Custom masking characters
Pass additional arguments to control what each character category is replaced with. The order is: uppercase replacement, lowercase replacement, digit replacement.
val df = Seq(
("Alice", "SSN-123-45-6789"),
("Bob", "SSN-987-65-4321"),
("Carol", "SSN-555-12-3456"),
).toDF("name", "identifier")
val df2 = df
.withColumn("masked", expr("mask(identifier, 'A', 'a', '#')"))
df2.show(false)
// +-----+---------------+---------------+
// |name |identifier |masked |
// +-----+---------------+---------------+
// |Alice|SSN-123-45-6789|AAA-###-##-####|
// |Bob |SSN-987-65-4321|AAA-###-##-####|
// |Carol|SSN-555-12-3456|AAA-###-##-####|
// +-----+---------------+---------------+
Masking only specific character types
Pass NULL for any parameter to keep the original characters in that category. This is useful when you only want to mask part of the data — for example, hiding digits in a card number while keeping the letters and punctuation intact:
val df = Seq(
("Alice", "4111-1111-1111-1111"),
("Bob", "5500-0000-0000-0004"),
("Carol", "3400-000000-00009"),
).toDF("name", "card_number")
val df2 = df
.withColumn("masked", expr("mask(card_number, NULL, NULL, '#')"))
df2.show(false)
// +-----+-------------------+-------------------+
// |name |card_number |masked |
// +-----+-------------------+-------------------+
// |Alice|4111-1111-1111-1111|####-####-####-####|
// |Bob |5500-0000-0000-0004|####-####-####-####|
// |Carol|3400-000000-00009 |####-######-##### |
// +-----+-------------------+-------------------+
Since the card numbers are all digits and dashes, passing NULL for the uppercase and lowercase parameters keeps those categories untouched (there are none here), while # replaces every digit.

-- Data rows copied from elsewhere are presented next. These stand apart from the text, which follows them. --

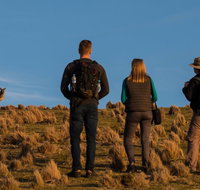Small Group Tasmanias Wilderness And Wildlife Day Tour - Australia Accommodation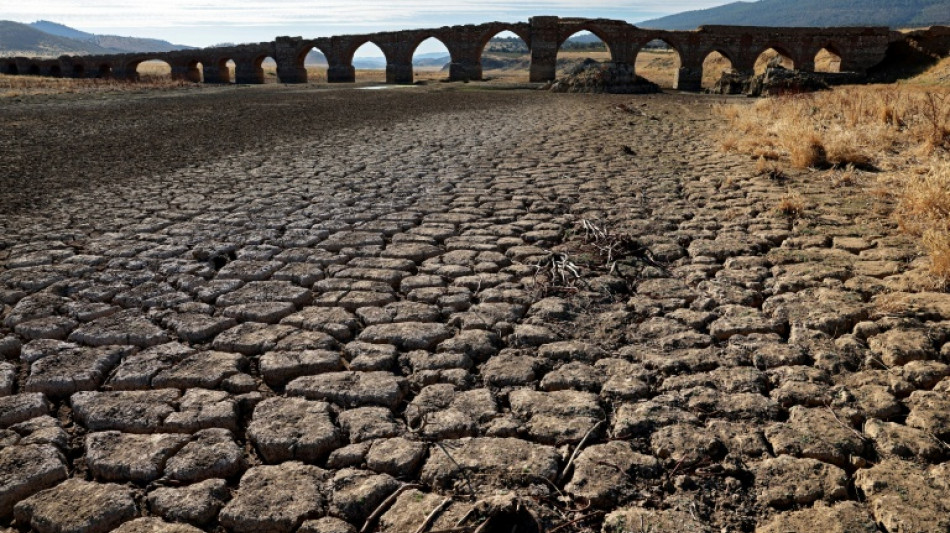 Un informe cient&iacute;fico prev&eacute; que Espa&ntilde;a sufra sequ&iacute;as m&aacute;s frecuentes y duras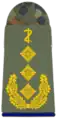 Generaloberstabsarzt(Army Dental Officer with the rank of Lieutenant General)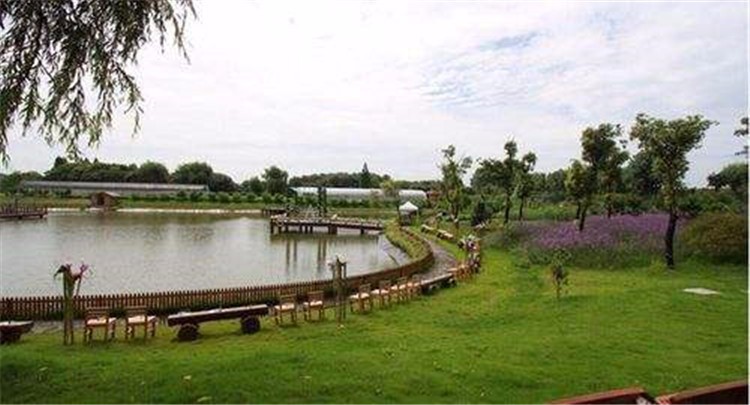 [上海太陽(yáng)島拓展基地]-團(tuán)隊(duì)凝聚力一日?qǐng)F(tuán)建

Null and empty string handling
When the input is null, mask returns null. An empty string passes through unchanged.
val df = Seq(
("Alice", "alice@example.com"),
("Bob", null),
("Carol", "carol@shop.net"),
("Dave", ""),
).toDF("name", "email")
val df2 = df
.withColumn("masked", expr("mask(email)"))
df2.show(false)
// +-----+-----------------+-----------------+
// |name |email |masked |
// +-----+-----------------+-----------------+
// |Alice|alice@example.com|xxxxx@xxxxxxx.xxx|
// |Bob |null |null |
// |Carol|carol@shop.net |xxxxx@xxxx.xxx |
// |Dave | | |
// +-----+-----------------+-----------------+
Related functions
For replacing specific substrings with other values, see replace. For pattern-based substitution using regular expressions, see regexp_replace. For character-by-character substitution where you map individual characters to replacements, see translate.